Today, we can give thanks for liberty
Thanksgiving can be challenging to navigate for those who are grieving after a profound loss. The entire holiday season, and its accompanying tidings of good cheer, may seem inaccessible to those who have suffered the loss of a family member.
That’s true whether the tragedy occurred in the days leading up to the holiday or months earlier.
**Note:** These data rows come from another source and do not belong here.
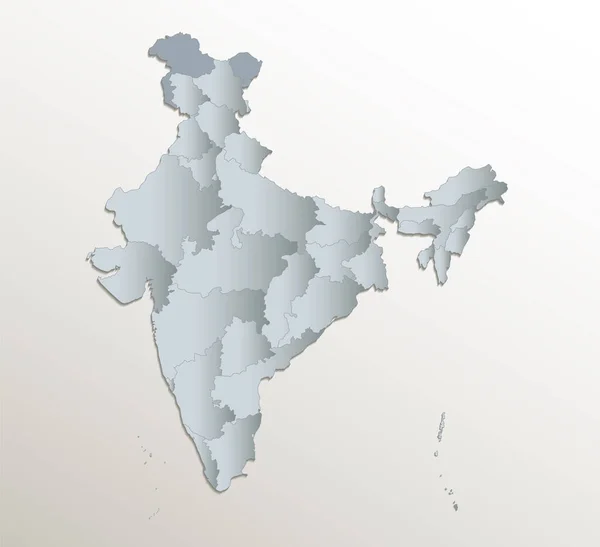 India Map Administrative Divisions White Blue Card Paper Blank — Stock Photo, Image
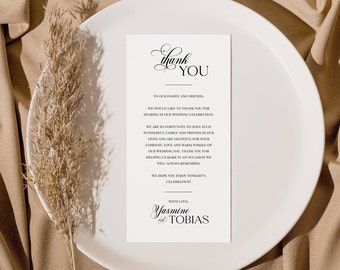 Configuração de local Obrigado, Nota de guardanapo de agradecimento, Cartão de agradecimento minimalista, Mesa de casamento, Obrigado para impressão, Modelo editável - 001
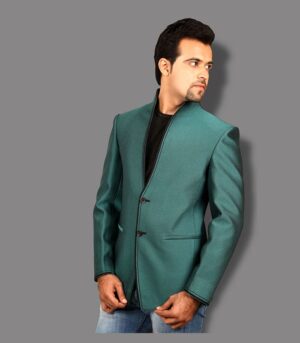 Suitable And Elegant Made Of Linen Is Crafted Green Designer Blazers
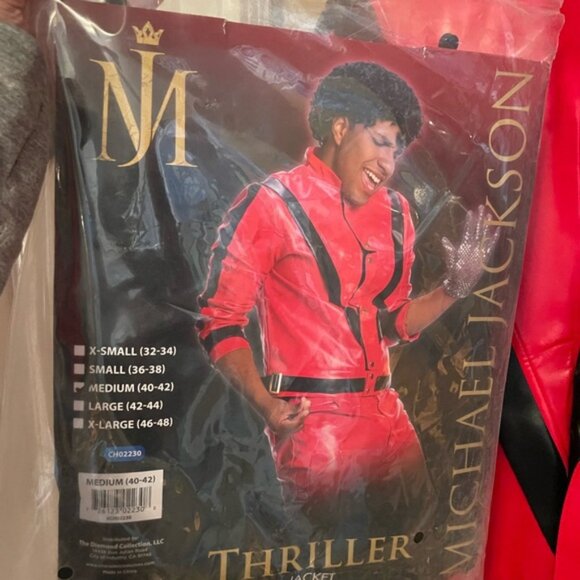 Michael Jackson MJ Charades THRILLER Jacket Red and Black Mens Medium - Picture 12 of 16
The first holiday marked by an absence at the table can leave one struggling to find joy in a seasonal family gathering.
But that has been true since today’s festivities began with the celebratory feast in November 1621 often cited as the first Thanksgiving.
The previous November, a small ship christened the Mayflower arrived in the New World carrying 102 passengers. That first winter took a brutal toll; only half the passengers and crew survived until spring.
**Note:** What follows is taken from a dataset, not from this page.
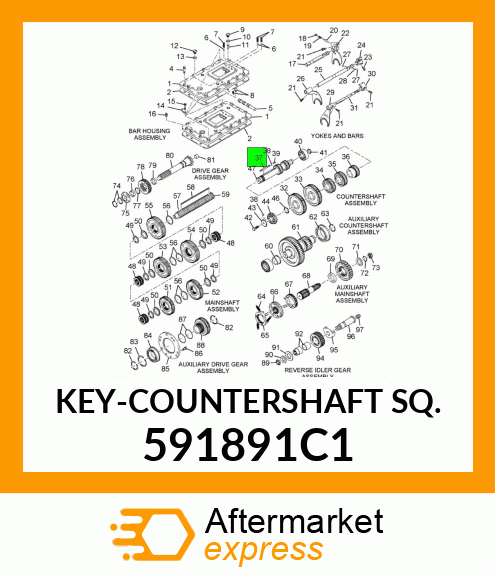 KEY-COUNTERSHAFT SQ. 591891C1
Near the first anniversary of their arrival, those who remained had a feast to celebrate their first successful corn harvest. Never mind that another harsh winter was at hand.
Despite the hardships, the pilgrims who settled in what now is Massachusetts did have something to celebrate. They had succeeded in finding a home where they freely could practice their faith, pursue prosperity and own property — including land.
Today, even for those who find pursuit of happiness to be elusive, remember the basis for that early venture into this land and give thanks for liberty. What is a birthright for us was hard earned by our forebears — some of whom lost their lives to reach a place where others could be free.